The stacked trio of figures below model the three DDS architecture types. They’re slightly enhanced renderings of the sketches in the paper.
2 Quantitative Comparisons
DDS was specifically designed to meet the demanding latency and jitter (the standard deviation of latency) performance attributes that are characteristic of streaming, Distributed Real-Time Event (DRE) systems like defense and air traffic control radars. Unlike most client-server, request-response systems, if data required for human or computer decision-making is not made available in a timely fashion, people could die. It’s as simple and potentially horrible as that.
Applying the systems thinking idiom of “purposeful, selective ignorance“, the pics below abstract away the unimportant details of the pics above so that the architecture types can be compared in terms of latency and jitter performance.
By inspecting the figures, it’s a no brainer, right? The steady-state latency and jitter performance of the decentralized and centralized architectures should exceed that of the federated architecture. There is no “middleman“, a daemon, for application layer data messages to pass through.
Sure enough, on their two node test fixture (I don’t know why they even bothered with the one node fixture since that really isn’t a “distributed” system in my mind) , the Schmidt et al measurements indicate that the latency/jitter performance of the decentralized and centralized architectures exceed that of the federated architecture. The performance difference that they measured was on the order of 2X.
3 Qualitative Comparisons
In all distributed systems, both DRE and Client-Server types, achieving high operational availability is a huge challenge. Hell, when the system goes bust, fuggedaboud the timeliness of the data, no freakin’ work can get done and panic can and usually does set in. D’oh!
With that scary aspect in mind, let’s look at each of the three architectures in terms of their ability to withstand faults.
3.1 Decentralized Architecture Availability
In a decentralized architecture, there are no invasive daemons that “leak” into the application plane so we can’t talk about daemon crashes. Thus, right off the bat we can “arguably” say that a decentralized architecture is more resistant to faults than the federated or centralized architectures.

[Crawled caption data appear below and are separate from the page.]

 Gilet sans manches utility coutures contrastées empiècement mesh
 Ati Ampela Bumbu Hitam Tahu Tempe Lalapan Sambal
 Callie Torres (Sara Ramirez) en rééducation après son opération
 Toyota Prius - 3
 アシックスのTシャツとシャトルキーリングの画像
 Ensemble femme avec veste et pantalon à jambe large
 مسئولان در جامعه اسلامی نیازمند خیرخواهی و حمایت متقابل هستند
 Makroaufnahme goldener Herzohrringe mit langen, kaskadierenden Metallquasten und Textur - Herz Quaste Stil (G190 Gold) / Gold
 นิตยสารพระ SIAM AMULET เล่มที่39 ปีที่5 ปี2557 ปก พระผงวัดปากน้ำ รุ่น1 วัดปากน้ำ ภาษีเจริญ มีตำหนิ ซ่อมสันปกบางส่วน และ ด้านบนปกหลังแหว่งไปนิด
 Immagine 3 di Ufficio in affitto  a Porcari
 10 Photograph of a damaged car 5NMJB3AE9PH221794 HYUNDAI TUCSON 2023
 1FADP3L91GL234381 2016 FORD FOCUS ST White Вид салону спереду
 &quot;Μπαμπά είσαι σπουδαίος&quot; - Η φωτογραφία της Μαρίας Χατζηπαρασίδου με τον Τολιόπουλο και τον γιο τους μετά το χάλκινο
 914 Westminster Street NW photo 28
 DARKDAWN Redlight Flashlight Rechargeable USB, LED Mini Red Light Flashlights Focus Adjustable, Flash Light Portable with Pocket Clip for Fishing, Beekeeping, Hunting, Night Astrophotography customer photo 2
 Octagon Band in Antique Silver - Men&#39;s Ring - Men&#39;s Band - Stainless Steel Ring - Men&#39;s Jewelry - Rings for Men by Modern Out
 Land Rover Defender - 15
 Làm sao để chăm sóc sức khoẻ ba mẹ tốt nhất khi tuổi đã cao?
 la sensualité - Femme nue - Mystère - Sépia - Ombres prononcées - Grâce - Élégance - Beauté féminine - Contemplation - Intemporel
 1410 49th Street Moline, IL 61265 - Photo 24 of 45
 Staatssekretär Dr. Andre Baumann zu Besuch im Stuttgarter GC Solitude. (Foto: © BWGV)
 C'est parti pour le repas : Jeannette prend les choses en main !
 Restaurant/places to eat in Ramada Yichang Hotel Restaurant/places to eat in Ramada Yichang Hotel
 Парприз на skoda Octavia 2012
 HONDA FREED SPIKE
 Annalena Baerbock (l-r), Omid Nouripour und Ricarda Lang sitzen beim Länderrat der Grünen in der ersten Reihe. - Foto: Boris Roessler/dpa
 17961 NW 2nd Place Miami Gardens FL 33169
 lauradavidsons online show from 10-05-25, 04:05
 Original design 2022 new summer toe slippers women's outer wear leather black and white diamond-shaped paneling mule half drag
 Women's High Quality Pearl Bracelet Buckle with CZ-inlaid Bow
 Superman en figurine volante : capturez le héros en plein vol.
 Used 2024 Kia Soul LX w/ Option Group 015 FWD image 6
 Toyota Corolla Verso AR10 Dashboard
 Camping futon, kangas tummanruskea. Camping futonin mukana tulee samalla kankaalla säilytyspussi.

As the picture below shows, when a user application layer process dies, the others can continue to communicate with each other. Depending on what the specific application is required to do during operation, at least some work may be able to still get accomplished even though one or more app components go kaput.
3.2 Federated Architecture Availability
In a federated architecture, when a daemon process dies, a whole node and all the subscriber application user processes running on it are severed from communicating with the user processes running on the other nodes (see the sketch below) in the system. Thus, the federated architecture is “arguably” less fault tolerant than the decentralized and (as we’ll see) centralized architectures. However, through judicious “allocation” of user processes to nodes (the fewer the better – which sort of defeats the purpose of choosing a federation for per node intra-communication performance optimization), some work still may be able to get accomplished when a node’s daemon crashes.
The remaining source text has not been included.